Shortly after the passage of Public Act 21-6, various groups (“We the Patriots USA” and the “CT Freedom Alliance”) and individuals opposing the legislation brought litigation, asserting, among other things, that this new law violated numerous federal constitutional provisions, including the Free Exercise of Religion Clause of the First Amendment, along with purported rights to privacy and medical freedom under the First, Fourth, Fifth, and Fourteenth Amendments, the Equal Protection Clause of the Fourteenth Amendment and the right to child rearing under the Fourteenth Amendment.  In asserting their claims, the parties bringing the lawsuit alleged that 1) some of the vaccines contain cell lines derived from aborted fetal cells, 2) vaccinations are harmful because the “presence of very small amounts of human fetal cells and DNA in the human blood can create a very strong autoimmune reaction in a person by which his [sic] body turns against itself and starts killing its own cells and tissues,” and 3) certain vaccines include animal cells and pork derivatives.

In a ruling issued on January 11, 2022 and just published, U.S. District Court Judge Janet Arterton dismissed the case. Some of the reasons for dismissal were based upon technical legal arguments (e.g., that the state defendants that were sued were entitled to Eleventh Amendment/Sovereign Immunity, and that the associations bringing the lawsuits did not have standing to sue). The Court also reached the merits of the issue and dismissed the suit due to a failure to state a viable claim.  As predicted in our prior blog post, the Court ruled that mandatory vaccination as a condition to school enrollment did not violate the Free Exercise Clause (or right to child rearing), in light of prior U.S. Supreme Court and federal appellate precedent.  As both we and Judge Arterton noted, in Jacobson v. Massachusetts, 197 U.S. 11 (1905), the U.S. Supreme Court ruled that states had the power to enforce compulsory vaccination requirements; subsequently, in Zucht v. King, 260 U.S. 174 (1922), the Court ruled that school districts could exclude unvaccinated students from their schools. The Court noted on its own that in addition to this prior precedent (including courts in other jurisdictions that have previously rejected religious based challenges to student vaccination requirements), the Court felt that the new law was constitutional because it was a “neutral law of general applicability” that was rationally related to a legitimate state purpose, thus allowing it to pass muster under both the U.S. Constitution’s Free Exercise Clause and Equal Protection Clause. In so upholding the “rationality” of the new law, the Court specifically rejected claims that the law discriminated against students resulting from 1) the grandfathering of the religious exemption for current students, and 2) the maintenance of the medical exemption.  The Court rejected claims that the law violated the students’ and parents’  “right to privacy and medical freedom,” finding that there is no overriding privacy right to decline vaccination.

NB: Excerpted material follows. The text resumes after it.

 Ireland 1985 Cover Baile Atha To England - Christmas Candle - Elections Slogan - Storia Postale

What is next? The plaintiffs have promised to appeal this ruling all the way up to the U.S. Supreme Court. Federal Judge Tosses Religious Exemption Lawsuit, Appeal Promised | CT News Junkie. Stay tuned.

Does This Case Have Anything to Do With COVID-19?  Yes and no. The Connecticut statute at issue does not specifically mandate a COVID-19 vaccination, and it appears that our legislature will not be imposing any sort of COVID-19 vaccine mandate upon the schools.  However, under the reasoning of this case, along with the U.S. Supreme Court’s prior precedent cited therein, a school on its own could theoretically decide to impose a COVID-19 vaccine requirement for all of its students (without a religious exemption), although the Americans with Disabilities Act arguably could require some accommodations for students with medical contraindications to the COVID-19 vaccine.         

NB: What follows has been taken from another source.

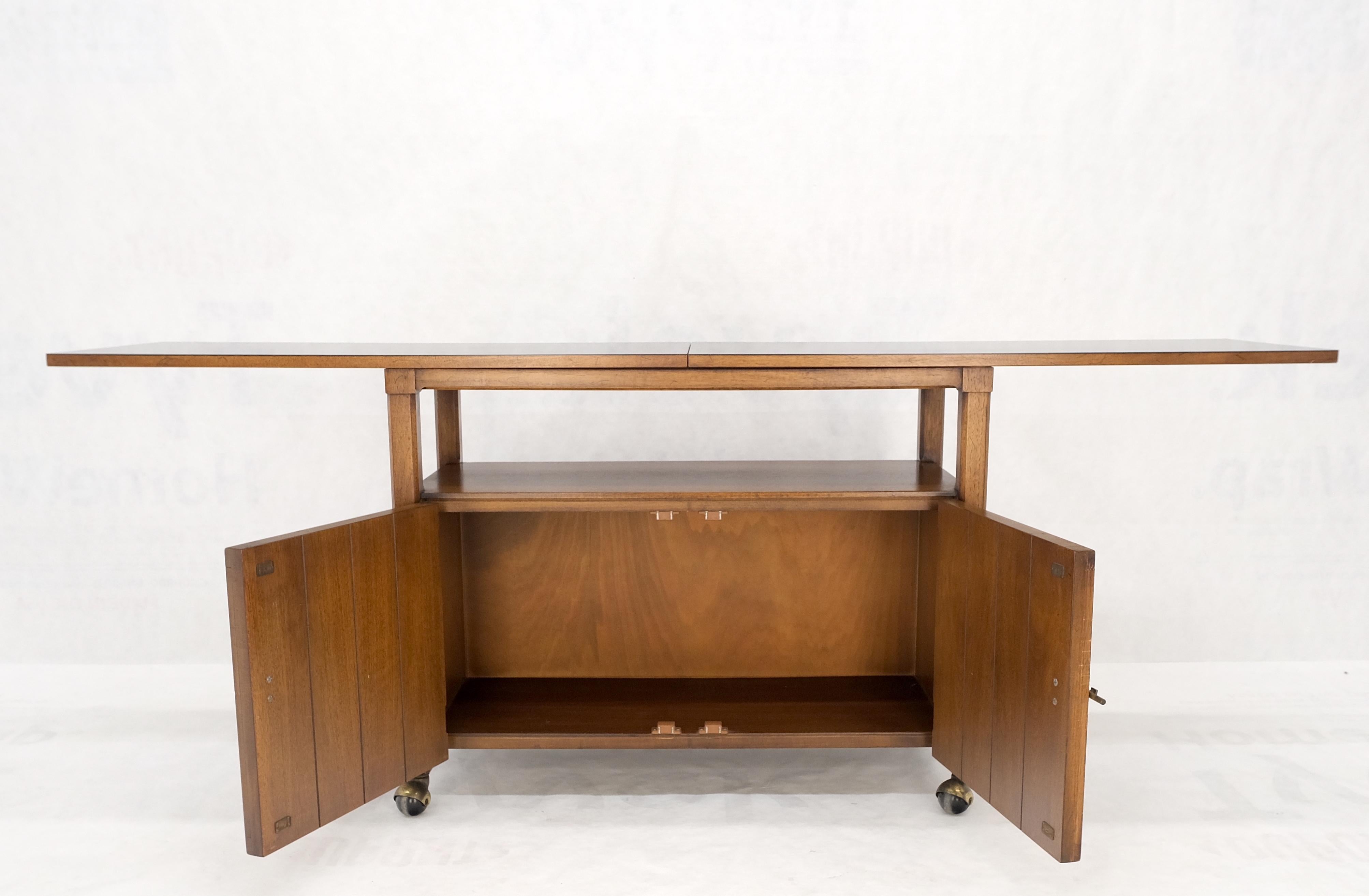 Mid Century Modern Flip Top Black Laminate Serving Cart Bar Cabinet Wheels MINT! For Sale 10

Will This Ruling be Affected by the Two (January 13, 2022) U.S. Supreme Court Rulings on the OSHA Mandated Vaccine Requirements for Large Private Employers and Health Care Providers? The short answer is probably not.  The Supreme Court rulings did not address the merits per se of a vaccine mandate, but rather addressed who had the power to impose such a mandate (the Legislature vs. the Executive branch via regulation).  In the case of the new Connecticut law, it was passed via the usual legislative process, and there can be no viable claim that a legislature does not have the power to enact (in the absence of a veto) such legislation.

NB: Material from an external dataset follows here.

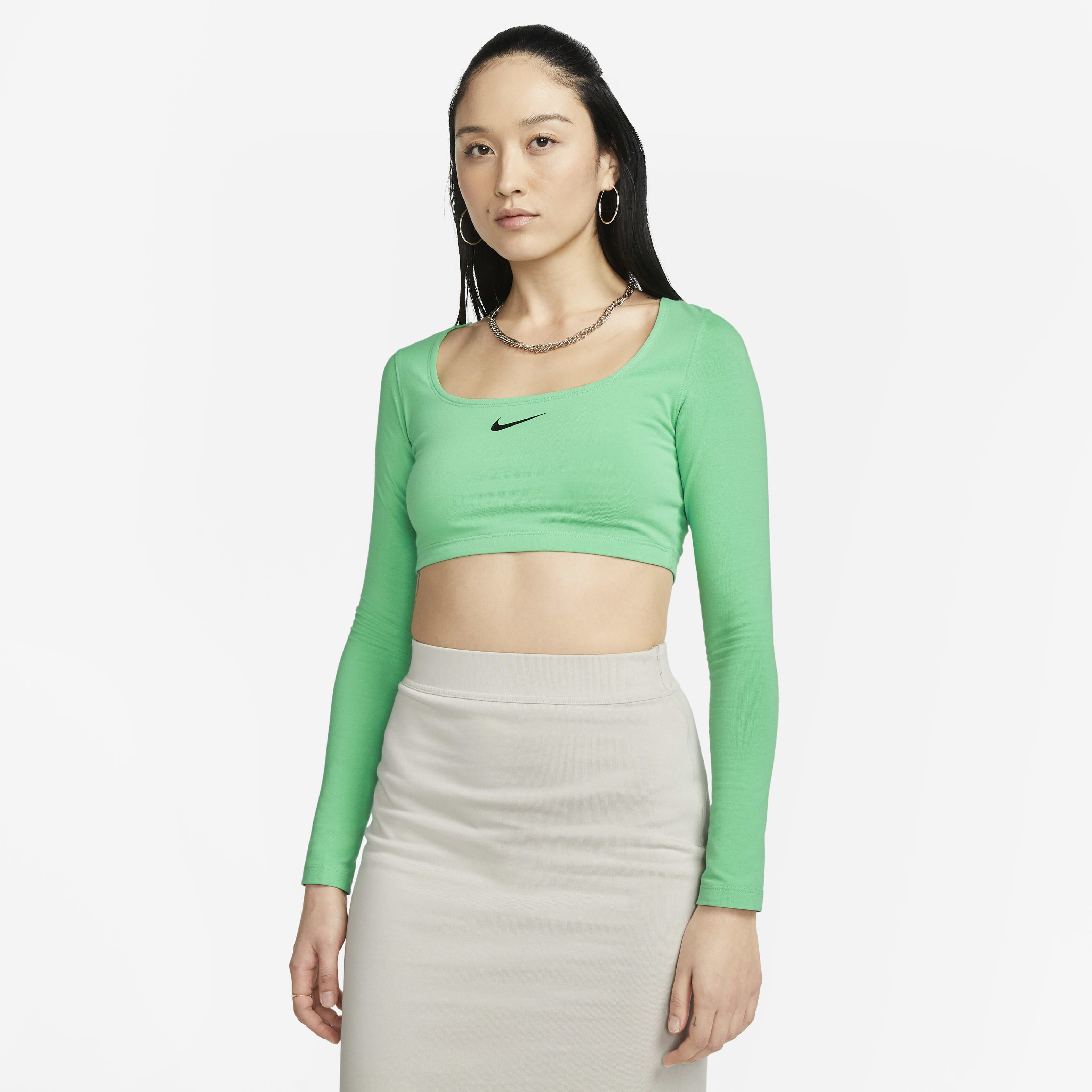 Nike green crop top best sale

Related Practices & Industries

This blog/web site presents general information only. The information you obtain at this site is not, nor is it intended to be, legal advice, and you should not consider or rely on it as such. You should consult an attorney for individual advice regarding your own situation. This website is not an offer to represent you. You should not act, or refrain from acting, based upon any information at this website. Neither our presentation of such information nor your receipt of it creates nor will create an attorney-client relationship with any reader of this blog. Any links from another site to the blog are beyond the control of Pullman & Comley, LLC and do not convey their approval, support or any relationship to any site or organization. Any description of a result obtained for a client in the past is not intended to be, and is not, a guarantee or promise the firm can or will achieve a similar outcome.

Subscribe to Updates

About Our School Law Blog

Alerts, commentary, and insights from the attorneys of Pullman & Comley’s School Law practice on federal and Connecticut law as it pertains to educational institutions, whether those institutions be public school districts, private K-12 schools, or post-secondary colleges and universities.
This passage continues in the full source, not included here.